WHAT THE TASK ASKS: Whatever precedes the line containing "Personlig Panda för" is not copied; that line and every line after it through the final one below are copied exactly, except pictures.

DATA PROVIDED:
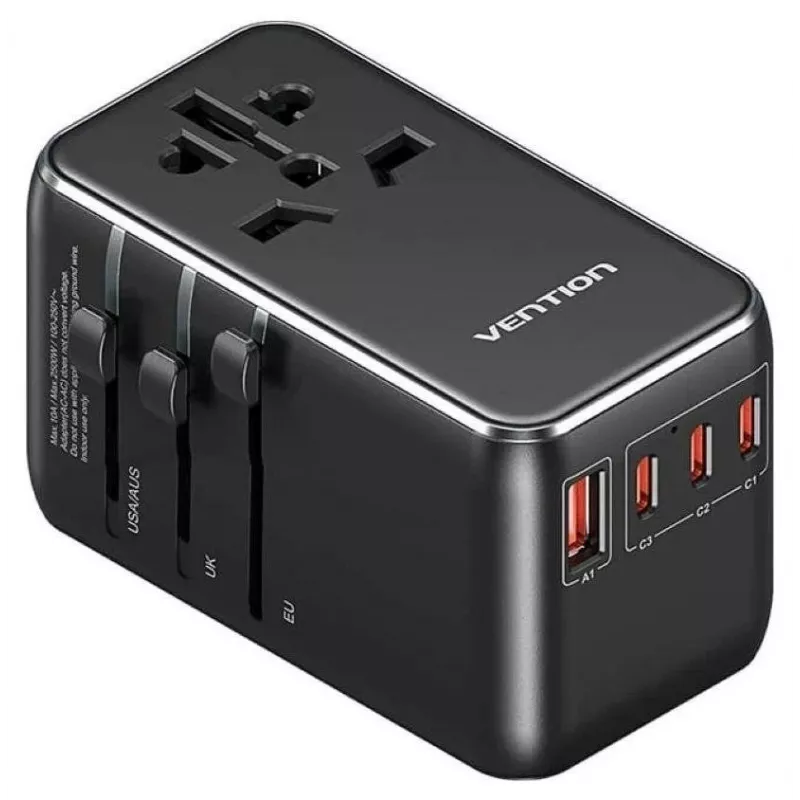 Oplader Vention FJGB0 100W GaN met 3× USB-C en 1× USB-A, zwart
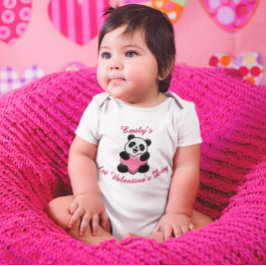 Personlig Panda för Babys Första Alla Hjärtans Dag T Shirt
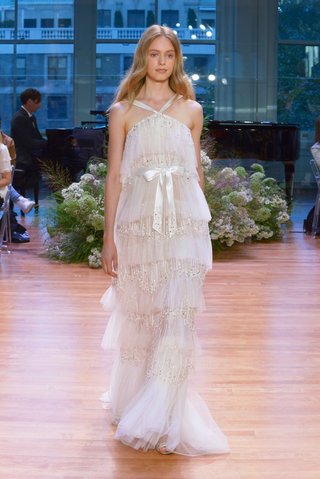"Beatrix" by Monique Lhuillier monique-lhuillier-fall-2017-bridal-collection-beatrix-wedding-dress-halter-neck-layered-tulle-tiers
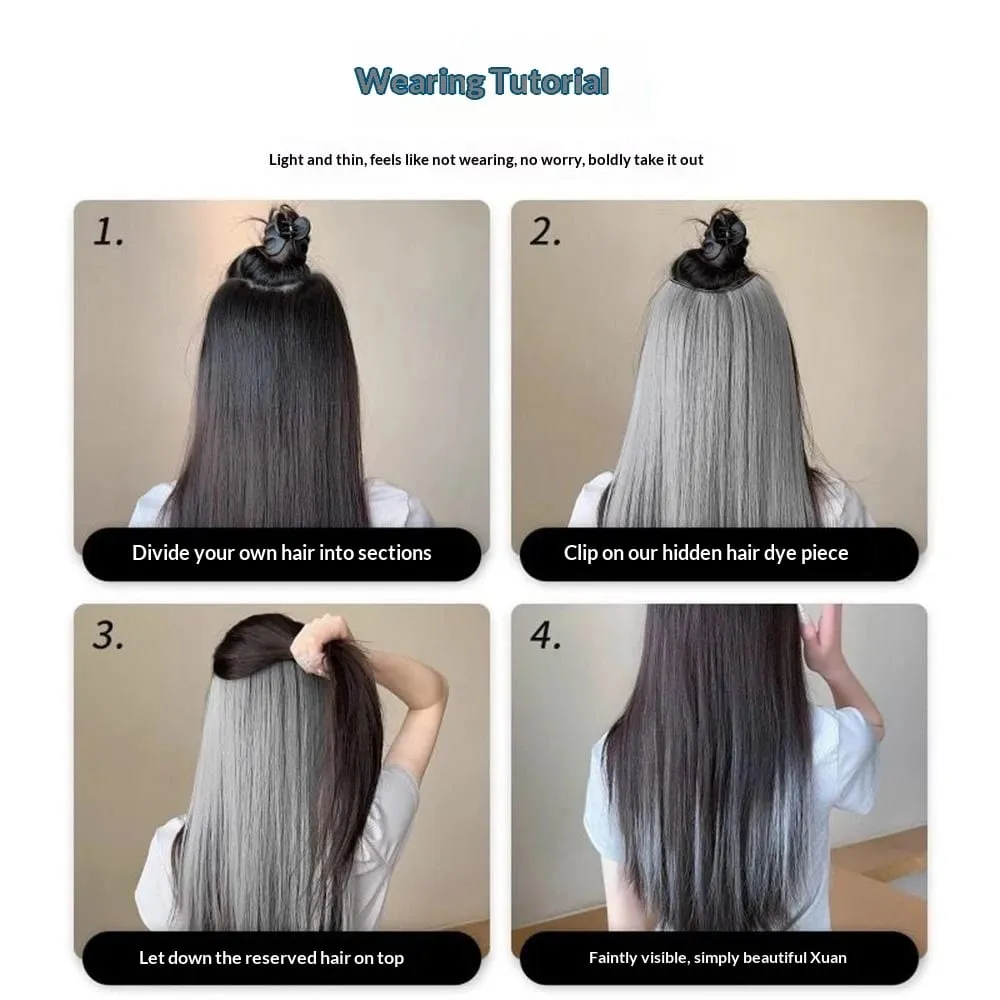 Synthetic Colored Highlighting Clip-in Hair Extensions Long Straight Ear-hanging Dyeing Wig Piece Color Thin Seamless Fake Hair — image 6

WRITTEN REPLY:
 Personlig Panda för Babys Första Alla Hjärtans Dag T Shirt
"Beatrix" by Monique Lhuillier monique-lhuillier-fall-2017-bridal-collection-beatrix-wedding-dress-halter-neck-layered-tulle-tiers
 Synthetic Colored Highlighting Clip-in Hair Extensions Long Straight Ear-hanging Dyeing Wig Piece Color Thin Seamless Fake Hair — image 6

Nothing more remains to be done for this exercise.